Agentless connectors make the process straightforward and can accommodate multiple data types. What’s more, connectors ship with different queries that allow users to quickly identify cybersecurity coverage gaps. And, being bi-directional, connectors can perform actions based on the results of the queries. What’s more, because the system looks across all data sets, it can report information such as all machines that have vulnerabilities, collating information regardless of the underlying tools.

Having a high-level view makes it straightforward to identify any machines that don’t have EDR protection, for example. And the ability to fill such cybersecurity gaps is definitely one of the big wins. Plus, having that data to hand helps with compliance activity. “We’re not just interested in the details, but also in their relationships,” said Rogers.

The graph database view offers an intuitive picture of an organization’s assets and can help users prioritize activity. For CISO onboarding, where new hires have to rapidly get to grips with where an enterprise stands from a risk perspective and make recommendations, this is a major benefit. Also, further down the road, having an objective measure of what’s going on makes for fewer awkward conversations.

Following M&A activity, firms can zero-in on pain points much sooner than if they had to stitch data together manually and try to combine the results from different tools on a case-by-case basis. Noetic estimates that – in the average enterprise environment – organizations may have more than 45 security tools running with conflicting roles and siloed results.

Continuous assessment

Rogers is one of the co-founders of the US-UK firm and brings 30 years of experience to Noetic. He was previously part of the Resilient Systems team and served as Director of Engineering when the cybersecurity company was acquired by IBM Security. Together with the other members of Noetic’s leadership, he wants to help organizations not just see through that mass of data, but to be able to assess their infrastructure continuously.

“Automation is great if you have a high level of confidence in sources and tasks that are reproducible,” he points out.
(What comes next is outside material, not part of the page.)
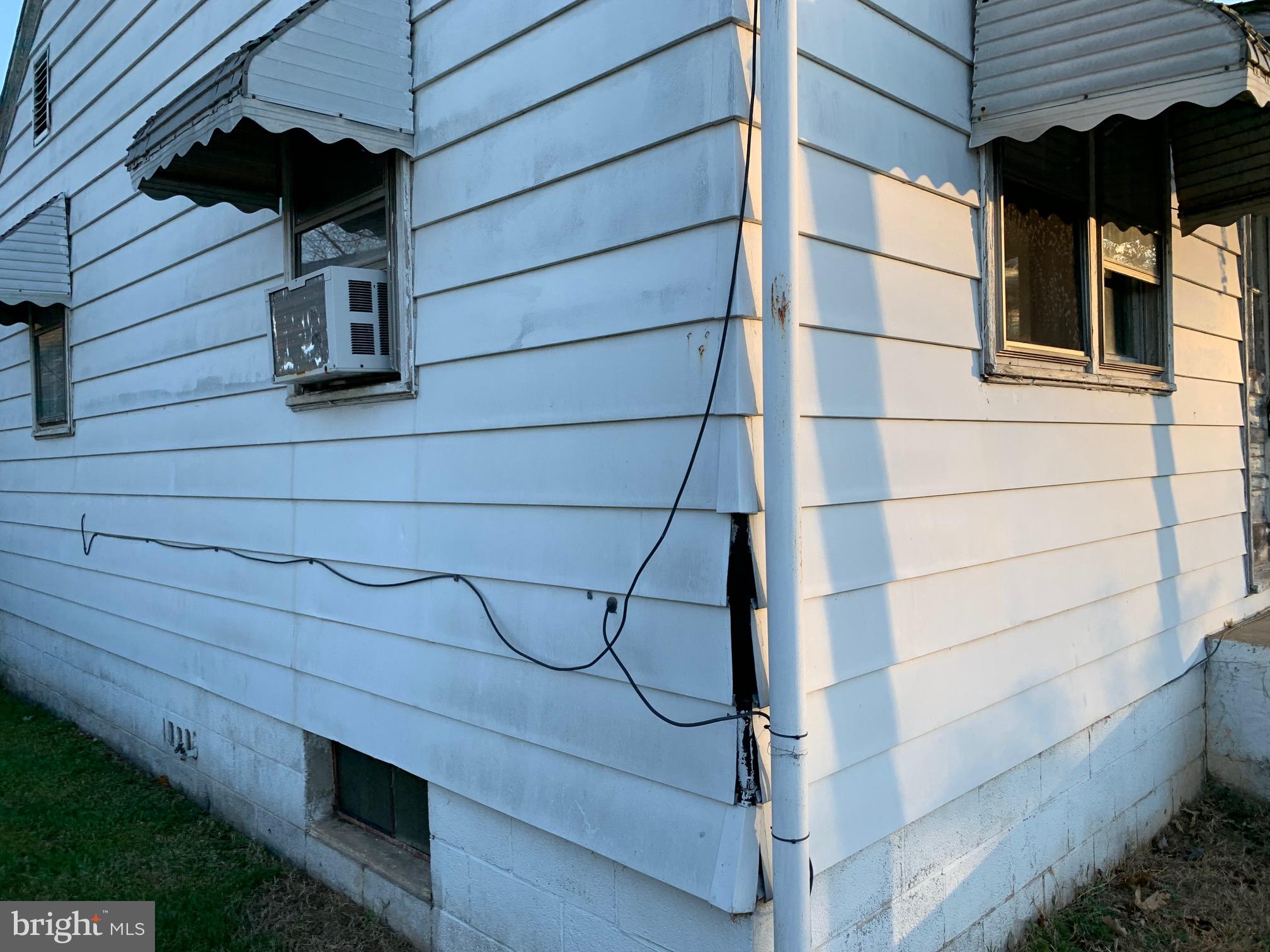 8999 Wellington Road Manassas, VA 20109 - Photo 18 of 20 Front left siding damage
And once users are in a position to trust the data at their fingertips, they are much more willing to roll out time-saving ‘find once, fix continuously’ style operations.
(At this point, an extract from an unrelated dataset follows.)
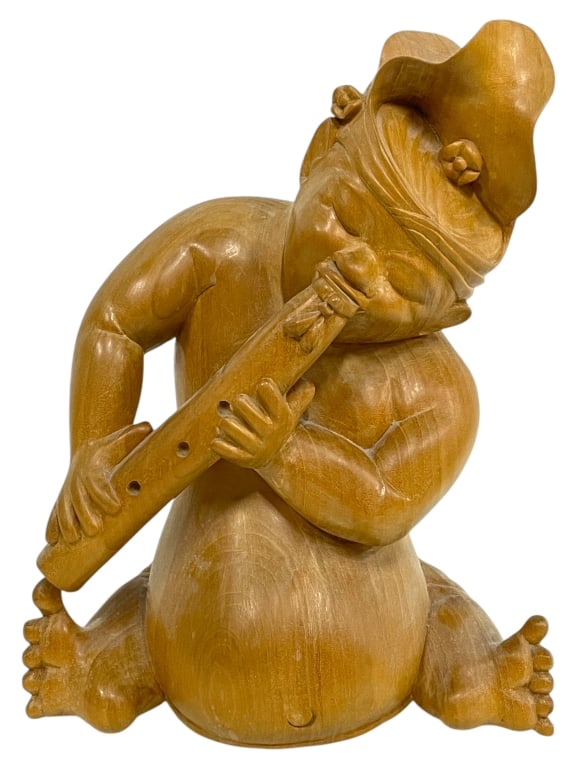 SCULPTURE OF CARVED WOODEN FIGURE PLAYING A FLUTE: SCULPTURE OF A CARVED WOODEN FIGURE PLAYING A FLUTE 12" -VERY GOOD PRE OWNED CONDITION -APPROX 9" X 4" X 12" -THIS EXPRESSIVE SCULPTURE FEATURES A FIGURE WITH A ROUNDED FORM, CLOSED EYES, AND A POINTE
Platforms such as Noetic’s, and other systems that can unify siloed operating data, people, and computing assets, offer a new way of mapping the cybersecurity landscape. And this re-shaped ‘cyber cartography’, as some have called it, will allow enterprises to get ahead in multiple ways. We’ve already touched on the merits of being able to put unified data in front of new hires – for example, during CISO onboarding.
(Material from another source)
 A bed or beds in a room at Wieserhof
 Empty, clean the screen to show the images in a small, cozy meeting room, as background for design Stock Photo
Other business benefits include enriching the decision-making process. For example, choices that were made on CVSS scores alone can now be contextualized alongside other operating data. Do vulnerabilities relate to machines being used in production versus assets deployed in a less critical area of the organization?

Such features help security teams in quickly identifying which parts of the enterprise need their attention first. And it gives them objective data to back up those decisions. The pitch for enterprises to take a fresh look at their cybersecurity landscape and dig into insights that they likely already have, is a strong one.